In a discussion with former FBI general counsel Andrew Weissmann, Smith walked through some of the decisions he made when bringing charges against Trump on accusations of stealing classified documents and the case around the attempt to overthrow the 2020 election.
He began by saying that the first thing he learned as a prosecutor was to ensure that all of the investigation that could be done was completed, because it's important to know how the defense will try their case, so they can prepare for the rebuttal.
"I was taught as a young prosecutor, no fear, no favor. I was taught as a young prosecutor, you do the right things, you do it the right way, and for the right reasons," he told Weissmann.

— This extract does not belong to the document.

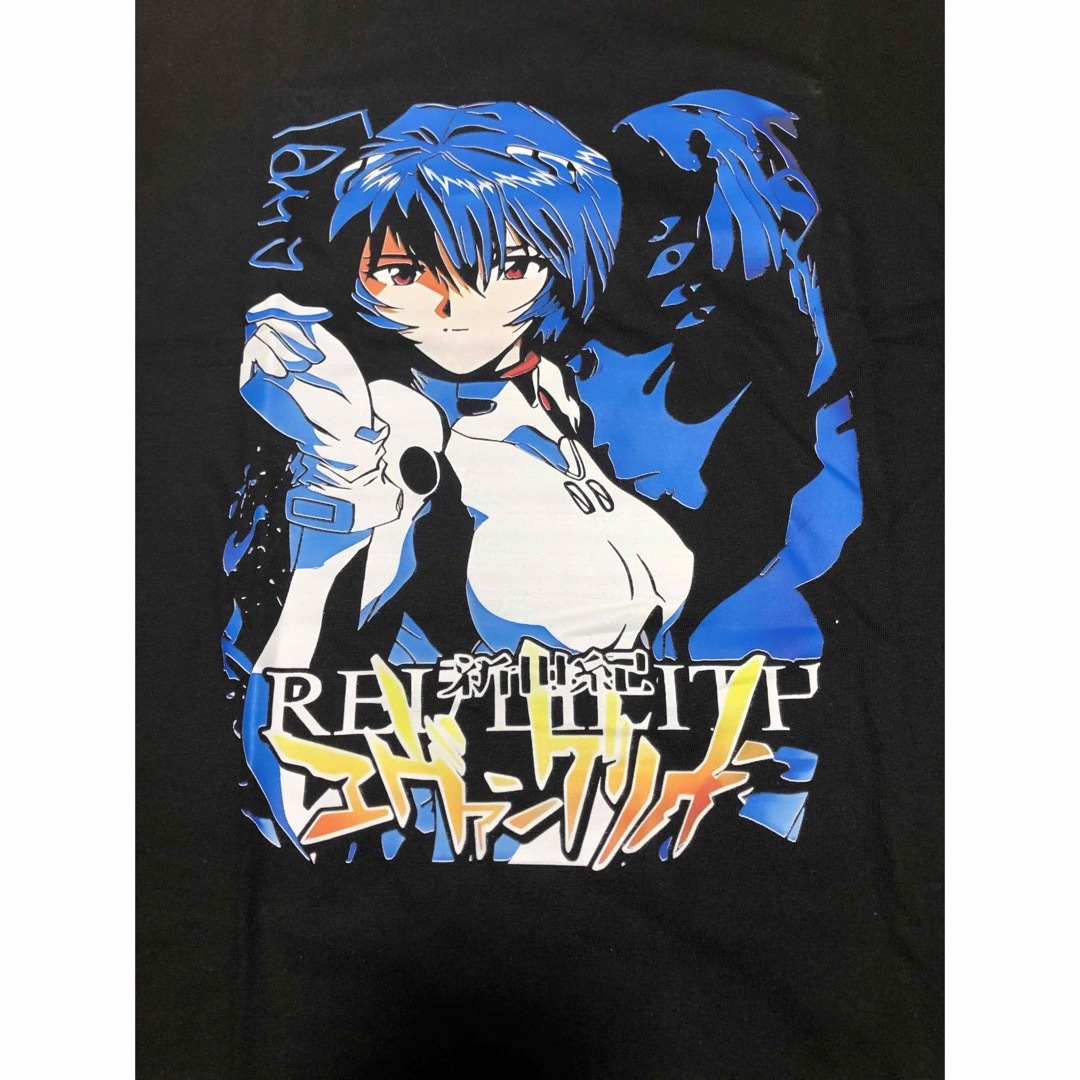 アニメt シャツ 新世紀エヴァンゲリオン 綾波レイ メンズ XL 黒 アニメt シャツ 新世紀エヴァンゲリオン 綾波レイ メンズ XL 黒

"So, I think, making sure processes are applied equally, that is critical, and it's a good way for you to measure if something is legitimate or not. If you see someone who is driven by an outcome and they're going to get that outcome no matter what, [you] should be very suspicious of that whether it's as a prosecutor or a judge," Smith said.
At a later point in the discussion, he pointed again to the treatment of the DOJ and the politicalization and weaponization of it.
"What I see now — and it goes back to the analysis that I gave you before. If you are driven to achieve certain outcomes no matter what, that's a real problem," said Smith. "That's not something I saw in the Department of Justice. And I think it it bears mentioning, you know, I worked in the department for years, Republican, Democrat, Republican. I worked in — I was the acting US attorney in the first Trump administration in Tennessee. Nothing like what we see now has ever gone on."
He pointed specifically to the case against New York City Mayor Eric Adams, which critics say was dismissed in the hopes he would support Trump's agenda.
"I mean, just so you know, nothing like it has ever happened that I've ever heard of," said Smith. "Recently, we had this issue of, I guess it was people in the Defense Department using Signal to communicate with each other about war plans. Clearly classified information. I can tell you, Andrew will tell you, there is no administration, Republican or Democrat, that does not open an investigation in that situation. Nothing where the lives of servicemen are put at risk. Zero. Never happens."
Third, he cited the case against former FBI Director James Comey.
"There's a process to secure an indictment. There's a process of predication, having some evidence before you do that," Smith explained. "And again, I only know what I see myself in the media, but the career prosecutors, the apolitical prosecutors who analyzed this said there wasn't a case. And, so they brought somebody in who had never been a criminal prosecutor on a days notice to secure an indictment a day before the statute of limitations ended. That just reeks of lack of process."